- [Task requirements]:
Please output the listing exactly as it stands, but omit any images.

- [Provided material]:
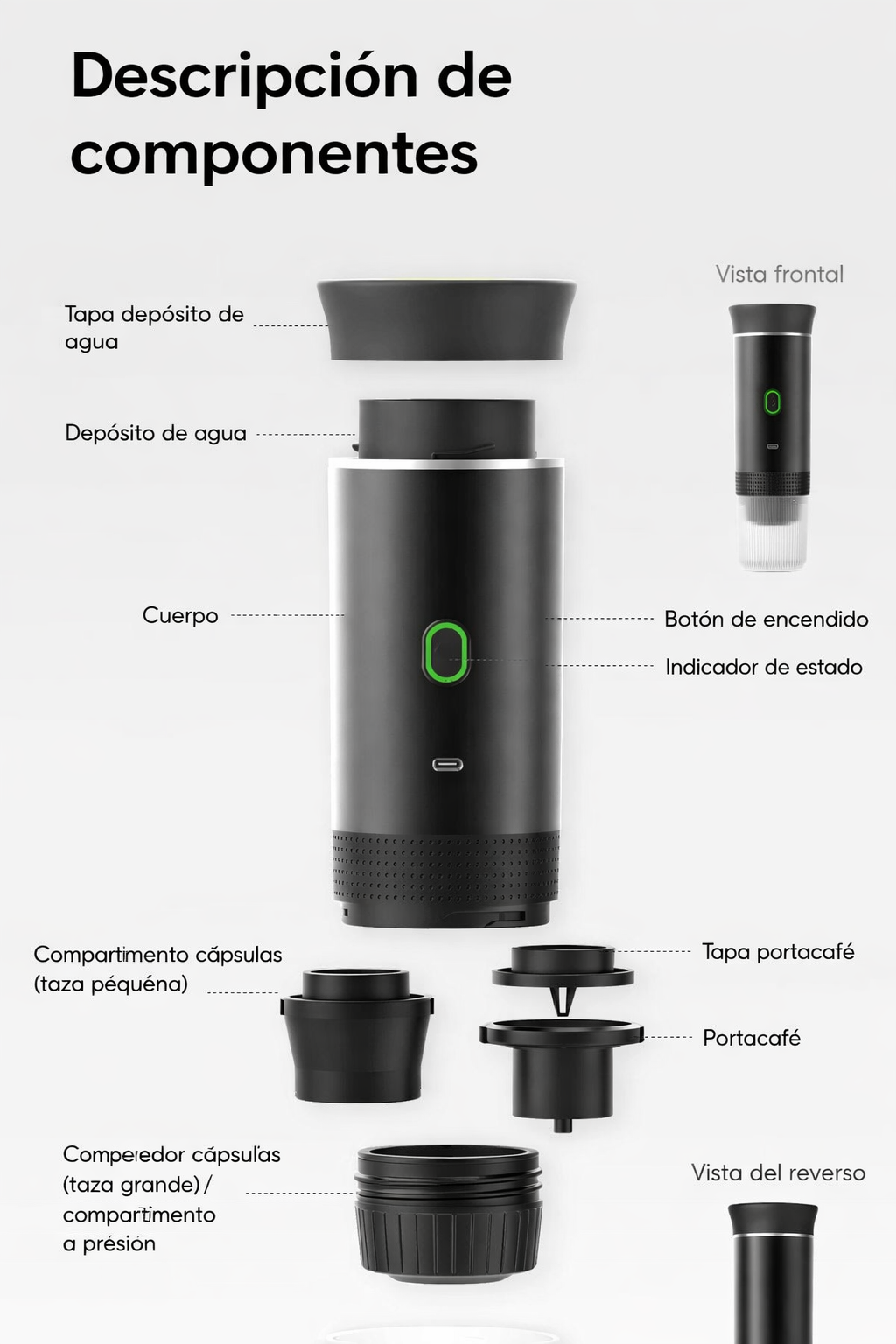 Cafetera portátil 3 en 1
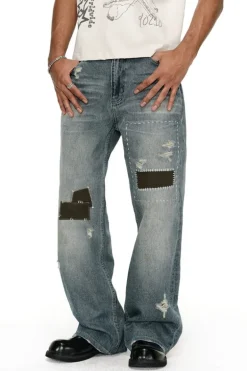 Washed Whisker Patchwork Straight Jeans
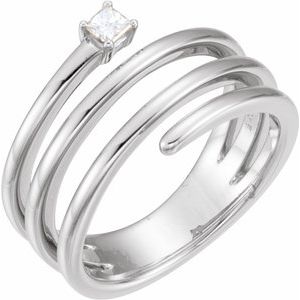 14K White Gold 1/10 CTW Natural Diamond Freeform Ring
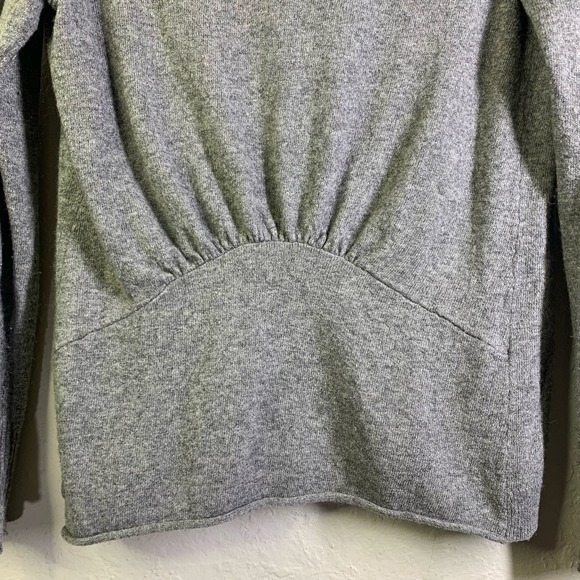 BANANA REPUBLIC Gray Open Front Wool Cashmere Ruched Cardigan Sweater‎ - Picture 8 of 11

- [Response box]:
 Cafetera portátil 3 en 1
 Washed Whisker Patchwork Straight Jeans
 14K White Gold 1/10 CTW Natural Diamond Freeform Ring
 BANANA REPUBLIC Gray Open Front Wool Cashmere Ruched Cardigan Sweater‎ - Picture 8 of 11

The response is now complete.